Lord Mayor of Liverpool
- In office 17 May 2023 – 15 May 2024
- Preceded by: Roy Gladden
- Succeeded by: Richard Kemp
- In office 28 May 2021 – 25 May 2022
- Preceded by: Anna Rothery
- Succeeded by: Roy Gladden

Liverpool City Councillor for Speke-Garston
- Incumbent
- Assumed office 4 May 2007
- Preceded by: Doreen Knight
- Majority: 1,768 (79.8%)

Personal details
- Born: Garston, Liverpool
- Party: Labour
- Children: Michael Janine Lian
- Education: Blessed John Almond School

= Mary Rasmussen (politician) =

English politician

Mary Rasmussen is a British Labour Party politician and former Lord Mayor of Liverpool. She has represented the Speke-Garston ward in Liverpool City Council since May 2007.

==Early life and education==
Rasmussen was born in Garston, Liverpool to Irish parents - Thomas and Theresa Gibbons - as the third of ten children. She attended St. Francis of Assisi Primary School and later Blessed John Almond School. She completed an access to university course before opting to work with people who were long-term unemployed.

==Career==
For a period, Rasmussen worked with long-term unemployed people. She has worked as a Partnership Manager for Reed, a UK-based employment agency, since August 2014. She is a board member of several groups, including South Liverpool Homes, Speke Community Pensioners Group and Speke Adventure Playground.

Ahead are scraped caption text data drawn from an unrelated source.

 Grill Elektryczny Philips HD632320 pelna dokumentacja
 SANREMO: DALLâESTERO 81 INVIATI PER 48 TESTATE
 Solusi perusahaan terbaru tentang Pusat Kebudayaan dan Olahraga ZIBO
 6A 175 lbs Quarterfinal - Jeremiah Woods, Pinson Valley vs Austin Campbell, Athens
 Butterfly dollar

===Liverpool City Council===
Rasmussen was elected as a Liverpool City Councillor in May 2007, succeeding Councillor Doreen Knight of the Labour Party. She defeated Paula Keaveney of the Liberal Democrats and received 57.1% of the vote. She has since been re-elected three times, most recently in 2019 with 79.8% of the vote.

She has served as Chair of Liverpool City Council's Labour Group and as the group's Chief Whip, the first woman to hold the position.

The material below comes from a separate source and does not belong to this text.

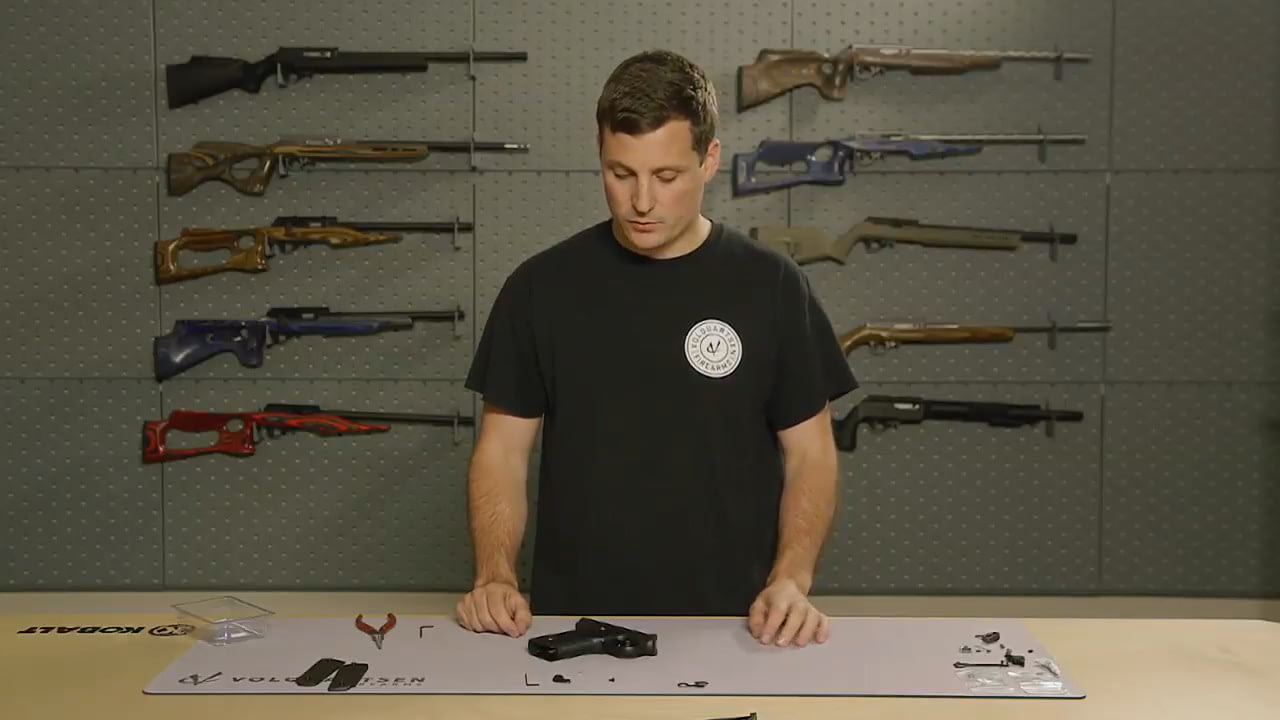 opplanet volquartsen firearms accurizing kit for ruger mk iv pistol instructions video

Rasmussen was sworn in as Lord Mayor of Liverpool on 28 May 2021 at Liverpool Tennis Centre owing to COVID-19 social distancing requirements. She chose her son, Michael, to serve as Consort and her daughter, Janine, to serve as Lady Mayoress. As Lord Mayor, she opted to sponsor The Whitechapel Centre, Tom Harrison House and Speke Training and Education Centre. Her first term ended in May 2022.

On 17 May 2023, Rasmussen was again sworn in as Lord Mayor of Liverpool to serve for a one year period in the largely ceremonial role.

==Personal life==
Rasmussen has two children: Michael, a maths teacher, and Janine. Her daughter Lian died in 2020.